*** Data for this exercise Section Begins ***
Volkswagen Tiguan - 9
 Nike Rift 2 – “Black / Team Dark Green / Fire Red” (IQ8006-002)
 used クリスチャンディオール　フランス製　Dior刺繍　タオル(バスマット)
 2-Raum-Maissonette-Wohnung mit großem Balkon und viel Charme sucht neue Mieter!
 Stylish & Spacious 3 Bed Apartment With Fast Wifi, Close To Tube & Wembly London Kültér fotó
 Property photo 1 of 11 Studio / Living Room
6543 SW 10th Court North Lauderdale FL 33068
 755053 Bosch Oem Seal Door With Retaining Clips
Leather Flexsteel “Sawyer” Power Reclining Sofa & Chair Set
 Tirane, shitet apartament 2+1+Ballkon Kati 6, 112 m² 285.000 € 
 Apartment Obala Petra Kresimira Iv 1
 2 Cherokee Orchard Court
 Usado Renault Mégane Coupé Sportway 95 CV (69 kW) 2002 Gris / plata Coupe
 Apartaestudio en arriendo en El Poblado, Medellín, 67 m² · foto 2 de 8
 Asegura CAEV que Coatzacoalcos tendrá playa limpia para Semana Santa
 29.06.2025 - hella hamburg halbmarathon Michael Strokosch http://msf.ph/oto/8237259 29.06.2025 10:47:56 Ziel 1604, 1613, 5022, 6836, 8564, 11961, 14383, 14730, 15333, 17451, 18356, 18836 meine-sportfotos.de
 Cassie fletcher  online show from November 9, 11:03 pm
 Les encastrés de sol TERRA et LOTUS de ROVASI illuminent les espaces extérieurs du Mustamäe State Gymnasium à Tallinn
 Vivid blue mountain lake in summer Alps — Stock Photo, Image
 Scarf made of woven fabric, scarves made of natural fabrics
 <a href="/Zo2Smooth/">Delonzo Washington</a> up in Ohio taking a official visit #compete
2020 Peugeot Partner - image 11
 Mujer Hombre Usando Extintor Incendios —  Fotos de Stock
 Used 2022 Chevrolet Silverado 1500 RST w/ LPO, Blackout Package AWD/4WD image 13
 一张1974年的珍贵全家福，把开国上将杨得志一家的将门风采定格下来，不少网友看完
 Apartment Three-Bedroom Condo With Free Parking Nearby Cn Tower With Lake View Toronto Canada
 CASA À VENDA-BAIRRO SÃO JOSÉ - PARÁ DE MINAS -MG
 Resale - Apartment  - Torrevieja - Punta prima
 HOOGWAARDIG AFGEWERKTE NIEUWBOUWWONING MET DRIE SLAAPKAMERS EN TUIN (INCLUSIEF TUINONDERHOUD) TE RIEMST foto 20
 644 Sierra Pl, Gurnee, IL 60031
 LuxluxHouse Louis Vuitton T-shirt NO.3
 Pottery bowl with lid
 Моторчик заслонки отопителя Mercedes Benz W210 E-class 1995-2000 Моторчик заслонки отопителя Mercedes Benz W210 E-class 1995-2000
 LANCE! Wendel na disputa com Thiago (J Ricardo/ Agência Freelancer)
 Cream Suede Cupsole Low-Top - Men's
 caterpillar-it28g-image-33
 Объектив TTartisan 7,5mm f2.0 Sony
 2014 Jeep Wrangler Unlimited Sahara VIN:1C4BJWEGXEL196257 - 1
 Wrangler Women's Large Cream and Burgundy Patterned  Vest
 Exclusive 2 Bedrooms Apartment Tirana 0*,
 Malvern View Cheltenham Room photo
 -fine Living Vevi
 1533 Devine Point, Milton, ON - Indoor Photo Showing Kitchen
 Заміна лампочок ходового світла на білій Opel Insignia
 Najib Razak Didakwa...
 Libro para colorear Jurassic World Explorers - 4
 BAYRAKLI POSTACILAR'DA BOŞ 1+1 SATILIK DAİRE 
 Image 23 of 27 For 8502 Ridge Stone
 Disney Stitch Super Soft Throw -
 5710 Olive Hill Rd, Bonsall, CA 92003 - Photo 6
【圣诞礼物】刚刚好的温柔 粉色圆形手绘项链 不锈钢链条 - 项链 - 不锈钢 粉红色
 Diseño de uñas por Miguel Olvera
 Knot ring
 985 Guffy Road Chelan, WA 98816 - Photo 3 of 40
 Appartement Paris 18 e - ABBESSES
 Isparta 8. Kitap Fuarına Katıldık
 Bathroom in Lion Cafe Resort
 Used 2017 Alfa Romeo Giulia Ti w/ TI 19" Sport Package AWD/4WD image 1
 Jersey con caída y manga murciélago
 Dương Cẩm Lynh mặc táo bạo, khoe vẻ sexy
*** Data for this exercise Section Ends ***
Exercise details
Produce an exact copy of the whole listing.

Solution below
Volkswagen Tiguan - 9
 Nike Rift 2 – “Black / Team Dark Green / Fire Red” (IQ8006-002)
 used クリスチャンディオール　フランス製　Dior刺繍　タオル(バスマット)
 2-Raum-Maissonette-Wohnung mit großem Balkon und viel Charme sucht neue Mieter!
 Stylish & Spacious 3 Bed Apartment With Fast Wifi, Close To Tube & Wembly London Kültér fotó
 Property photo 1 of 11 Studio / Living Room
6543 SW 10th Court North Lauderdale FL 33068
 755053 Bosch Oem Seal Door With Retaining Clips
Leather Flexsteel “Sawyer” Power Reclining Sofa & Chair Set
 Tirane, shitet apartament 2+1+Ballkon Kati 6, 112 m² 285.000 € 
 Apartment Obala Petra Kresimira Iv 1
 2 Cherokee Orchard Court
 Usado Renault Mégane Coupé Sportway 95 CV (69 kW) 2002 Gris / plata Coupe
 Apartaestudio en arriendo en El Poblado, Medellín, 67 m² · foto 2 de 8
 Asegura CAEV que Coatzacoalcos tendrá playa limpia para Semana Santa
 29.06.2025 - hella hamburg halbmarathon Michael Strokosch http://msf.ph/oto/8237259 29.06.2025 10:47:56 Ziel 1604, 1613, 5022, 6836, 8564, 11961, 14383, 14730, 15333, 17451, 18356, 18836 meine-sportfotos.de
 Cassie fletcher  online show from November 9, 11:03 pm
 Les encastrés de sol TERRA et LOTUS de ROVASI illuminent les espaces extérieurs du Mustamäe State Gymnasium à Tallinn
 Vivid blue mountain lake in summer Alps — Stock Photo, Image
 Scarf made of woven fabric, scarves made of natural fabrics
 <a href="/Zo2Smooth/">Delonzo Washington</a> up in Ohio taking a official visit #compete
2020 Peugeot Partner - image 11
 Mujer Hombre Usando Extintor Incendios —  Fotos de Stock
 Used 2022 Chevrolet Silverado 1500 RST w/ LPO, Blackout Package AWD/4WD image 13
 一张1974年的珍贵全家福，把开国上将杨得志一家的将门风采定格下来，不少网友看完
 Apartment Three-Bedroom Condo With Free Parking Nearby Cn Tower With Lake View Toronto Canada
 CASA À VENDA-BAIRRO SÃO JOSÉ - PARÁ DE MINAS -MG
 Resale - Apartment  - Torrevieja - Punta prima
 HOOGWAARDIG AFGEWERKTE NIEUWBOUWWONING MET DRIE SLAAPKAMERS EN TUIN (INCLUSIEF TUINONDERHOUD) TE RIEMST foto 20
 644 Sierra Pl, Gurnee, IL 60031
 LuxluxHouse Louis Vuitton T-shirt NO.3
 Pottery bowl with lid
 Моторчик заслонки отопителя Mercedes Benz W210 E-class 1995-2000 Моторчик заслонки отопителя Mercedes Benz W210 E-class 1995-2000
 LANCE! Wendel na disputa com Thiago (J Ricardo/ Agência Freelancer)
 Cream Suede Cupsole Low-Top - Men's
 caterpillar-it28g-image-33
 Объектив TTartisan 7,5mm f2.0 Sony
 2014 Jeep Wrangler Unlimited Sahara VIN:1C4BJWEGXEL196257 - 1
 Wrangler Women's Large Cream and Burgundy Patterned  Vest
 Exclusive 2 Bedrooms Apartment Tirana 0*,
 Malvern View Cheltenham Room photo
 -fine Living Vevi
 1533 Devine Point, Milton, ON - Indoor Photo Showing Kitchen
 Заміна лампочок ходового світла на білій Opel Insignia
 Najib Razak Didakwa...
 Libro para colorear Jurassic World Explorers - 4
 BAYRAKLI POSTACILAR'DA BOŞ 1+1 SATILIK DAİRE 
 Image 23 of 27 For 8502 Ridge Stone
 Disney Stitch Super Soft Throw -
 5710 Olive Hill Rd, Bonsall, CA 92003 - Photo 6
【圣诞礼物】刚刚好的温柔 粉色圆形手绘项链 不锈钢链条 - 项链 - 不锈钢 粉红色
 Diseño de uñas por Miguel Olvera
 Knot ring
 985 Guffy Road Chelan, WA 98816 - Photo 3 of 40
 Appartement Paris 18 e - ABBESSES
 Isparta 8. Kitap Fuarına Katıldık
 Bathroom in Lion Cafe Resort
 Used 2017 Alfa Romeo Giulia Ti w/ TI 19" Sport Package AWD/4WD image 1
 Jersey con caída y manga murciélago
 Dương Cẩm Lynh mặc táo bạo, khoe vẻ sexy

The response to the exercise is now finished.